23.6 C
Malang
Sabtu, November 23, 2024
KilasPemerintah Bolehkan Korban Pemerkosaan Lakukan Aborsi

Pemerintah Bolehkan Korban Pemerkosaan Lakukan Aborsi

PEMERINTAH membolehkan tenaga kesehatan dan tenaga medis untuk melakukan aborsi terhadap korban tindak pidana perkosaan atau korban tindak pidana kekerasan seksual yang menyebabkan si korban hamil.

Izin aborsi itu diatur dalam aturan pelaksana Undang-Undang No 17 Tahun 2023 melalui Peraturan Pemerintah (PP) No. 28 Tahun 2024 tentang Peraturan Pelaksanaan Undang Undang Nomor 17 Tahun 2023 tentang Kesehatan.

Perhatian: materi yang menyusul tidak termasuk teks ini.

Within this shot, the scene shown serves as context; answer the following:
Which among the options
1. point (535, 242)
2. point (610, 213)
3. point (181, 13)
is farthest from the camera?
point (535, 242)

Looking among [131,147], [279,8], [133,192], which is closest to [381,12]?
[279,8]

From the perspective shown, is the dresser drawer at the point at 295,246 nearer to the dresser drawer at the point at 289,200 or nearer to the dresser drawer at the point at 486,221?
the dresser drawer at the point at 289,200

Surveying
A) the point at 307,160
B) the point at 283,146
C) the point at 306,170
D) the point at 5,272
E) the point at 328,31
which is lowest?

“Setiap orang dilarang melakukan aborsi, kecuali atas indikasi kedaruratan medis atau terhadap korban tindak pidana perkosaan atau tindak pidana kekerasan seksual lain yang menyebabkan kehamilan sesuai dengan ketentuan dalam kitab undang-undang hukum pidana,” demikian bunyi Pasal 116 seperti dikutip, Selasa (30/7/2024).

Menurut PP tersebut, kedaruratan medis harus diindikasikan dengan kehamilan yang mengancam nyawa dan kesehatan ibu serta kesehatan janin dengan cacat bawaan yang tidak bisa diperbaiki. Sehingga tidak memungkinkan hidup di luar kandungan.

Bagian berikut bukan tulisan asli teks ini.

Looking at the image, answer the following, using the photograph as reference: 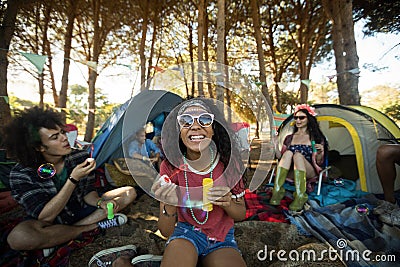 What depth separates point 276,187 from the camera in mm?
2594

“Kehamilan akibat tindak pidana perkosaan atau akibat tindak pidana kekerasan seksual harus dapat dibuktikan dengan surat keterangan dokter atas usia kehamilan sesuai dengan kejadian tindak pidana perkosaan atau tindak pidana kekerasan seksual lainnya,” Tarang pasal tersebut.

Sedangkan, dikutip dari Pasal 118 huruf b, aborsi juga dapat dilakukan dengan keterangan penyidik mengenai dugaan perkosaan atau kekerasan seksual lain yang menyebabkan kehamilan.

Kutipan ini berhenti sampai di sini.